Aim of the task:
Using the listing below, copy exactly each line from the one that has "đại - Ảnh 3." through the one that has "Panier pour chat"; omit the pictures.

Dataset entries:
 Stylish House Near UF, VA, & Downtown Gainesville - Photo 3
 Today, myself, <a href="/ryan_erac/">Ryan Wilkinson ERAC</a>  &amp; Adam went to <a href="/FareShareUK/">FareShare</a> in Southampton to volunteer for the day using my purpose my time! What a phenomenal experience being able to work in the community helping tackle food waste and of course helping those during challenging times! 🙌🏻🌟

---

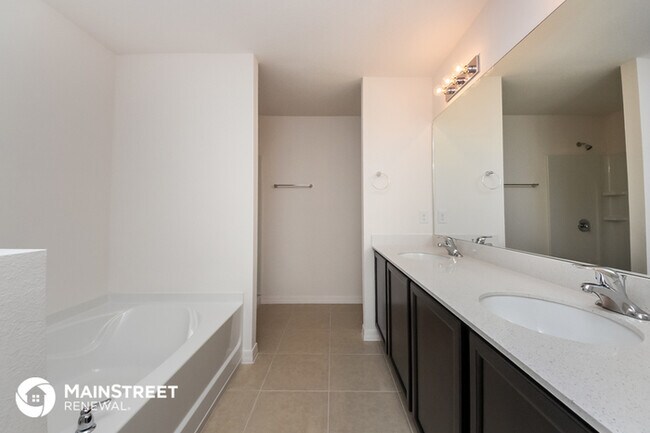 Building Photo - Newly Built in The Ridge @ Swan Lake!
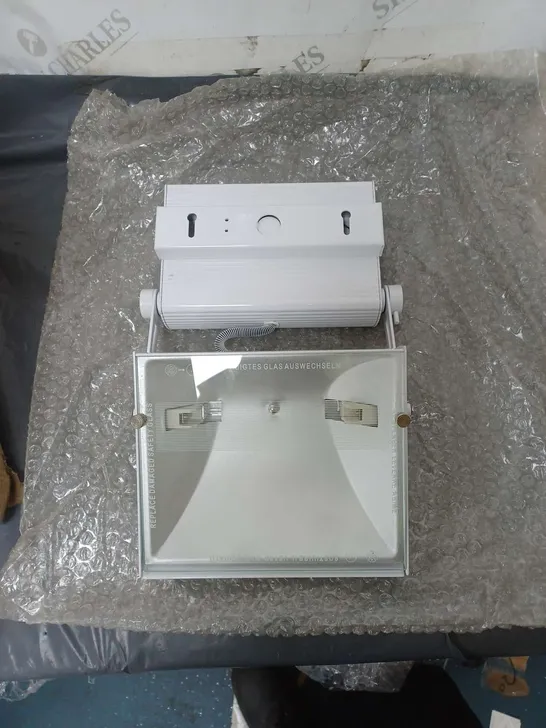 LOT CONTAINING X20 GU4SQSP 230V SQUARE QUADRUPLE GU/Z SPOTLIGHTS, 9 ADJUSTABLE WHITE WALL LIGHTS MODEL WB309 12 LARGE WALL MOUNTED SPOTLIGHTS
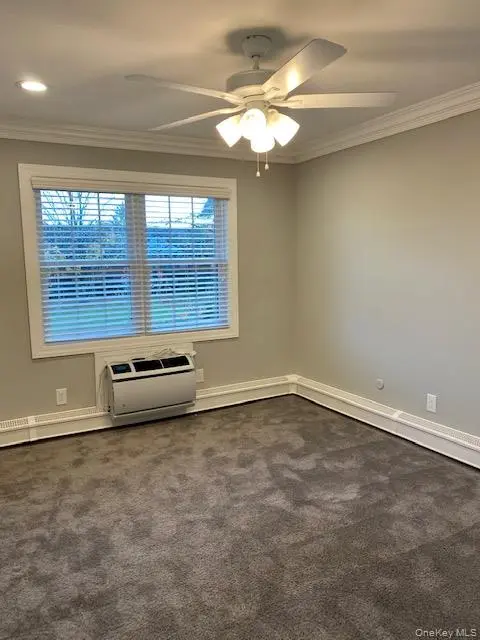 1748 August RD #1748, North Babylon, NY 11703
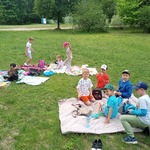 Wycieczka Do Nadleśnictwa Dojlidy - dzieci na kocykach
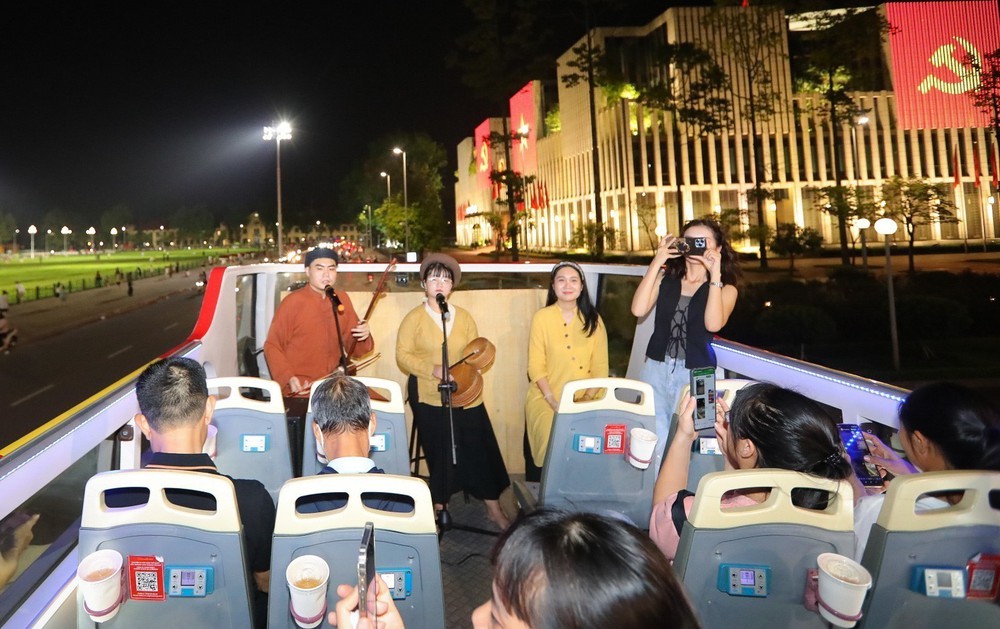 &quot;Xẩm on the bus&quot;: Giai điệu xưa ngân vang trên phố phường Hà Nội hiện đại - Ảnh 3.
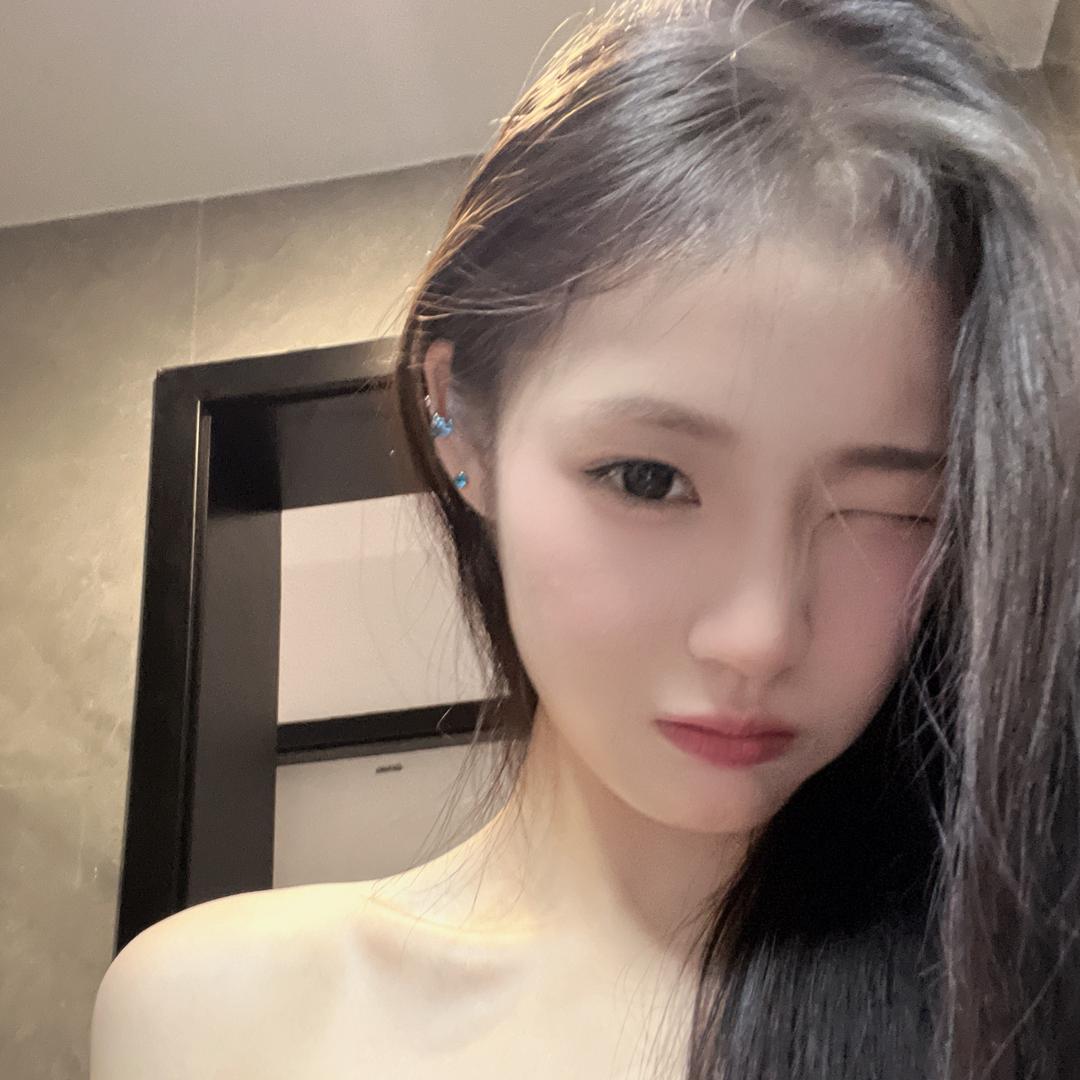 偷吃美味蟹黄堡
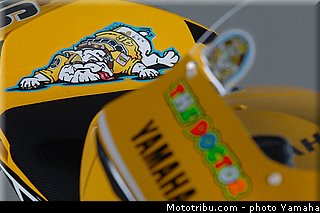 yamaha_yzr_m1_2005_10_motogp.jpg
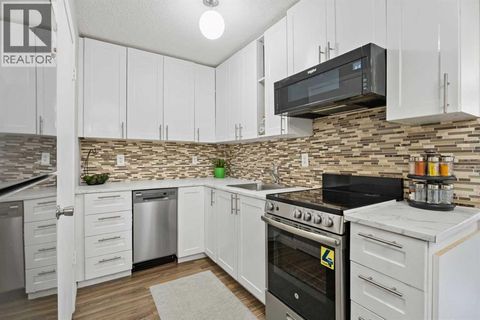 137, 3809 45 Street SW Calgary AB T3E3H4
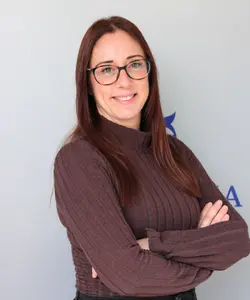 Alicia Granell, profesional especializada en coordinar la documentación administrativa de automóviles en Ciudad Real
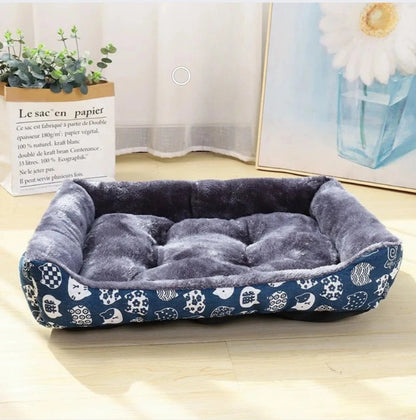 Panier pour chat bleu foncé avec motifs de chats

Task output:
 &quot;Xẩm on the bus&quot;: Giai điệu xưa ngân vang trên phố phường Hà Nội hiện đại - Ảnh 3.
 偷吃美味蟹黄堡
 yamaha_yzr_m1_2005_10_motogp.jpg
 137, 3809 45 Street SW Calgary AB T3E3H4
 Alicia Granell, profesional especializada en coordinar la documentación administrativa de automóviles en Ciudad Real
 Panier pour chat bleu foncé avec motifs de chats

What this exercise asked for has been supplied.